In this kernel, I'm going to explore how a person's gender relates to his/her interest  in various music genres and phobias. There are an incredible amount of variables given, and since this is just my second kernel on kaggle, I want to keep things simple. Therefore, I have narrowed it down to such a specific use case.

We'll start off by importing the dataaset and narrowing it down to the subset which we are interested in. For convenience, I'm going to rename some of the columns.

In [None]:
import pandas as pd
df = pd.read_csv('../input/responses.csv', header=0)

df.rename(columns = {'Metal or Hardrock':'Metal',
                     'Number of siblings':'NumSiblings',
                    'Left - right handed':'Hand',
                    'House - block of flats':'Block'}, inplace=True)

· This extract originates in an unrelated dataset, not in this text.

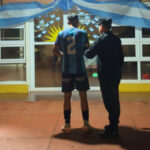 Escándalo en un torneo de fútbol en Los Helechos: un partido terminó con agresiones y un jugador tras las rejas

music = df.columns[:19].tolist()
phobias = df.columns[63:73].tolist()
demographics = df.columns[-10:].tolist()
df = df[music+phobias+demographics]

print (df.shape)

The following are the features which we are interested in:

In [None]:
print (demographics)
print (music)
print (phobias)


The first interesting hypthesis I wanted to test is - how does music interest vary with gender? To start with, lets look at the interest in metal music for men and women (since metal is my favourite genre of music). The distributions which we want to compare are : metal ratings for men vs women.

In [None]:
df_metal_male = df[df['Gender']=='male']['Metal']
df_metal_female = df[df['Gender']=='female']['Metal']
print (df_metal_male.mean(), df_metal_male.std())
print (df_metal_female.mean(), df_metal_female.std())
from scipy import stats
stats.ttest_ind(df_metal_male.dropna(), df_metal_female.dropna())
#df_metal_male.value_counts()
#df_metal_male[isnan(df_metal_male)]


In [None]:
df_metal_male.value_counts().plot(kind='bar')

In [None]:
df_metal_female.value_counts().plot(kind='bar')

We've looked at the means, but a better way to quantify the difference in 2 distributions is "effect size". There are different kinds of effect sizes, the one which we'll be looking at is "Cohen's d" (this particular effect size tries to standardise the difference in means of the two distributions). 

In [None]:
import math
def effect_size(series1, series2):    
    diff = series1.mean() - series2.mean()
    var1 = series1.var()
    var2 = series2.var()
    n1, n2 = len(series1), len(series2)
    pooled_var = (n1*var1 + n2*var2)/(n1+n2)
    return diff/ math.sqrt(pooled_var)

print (effect_size(df_metal_male, df_metal_female))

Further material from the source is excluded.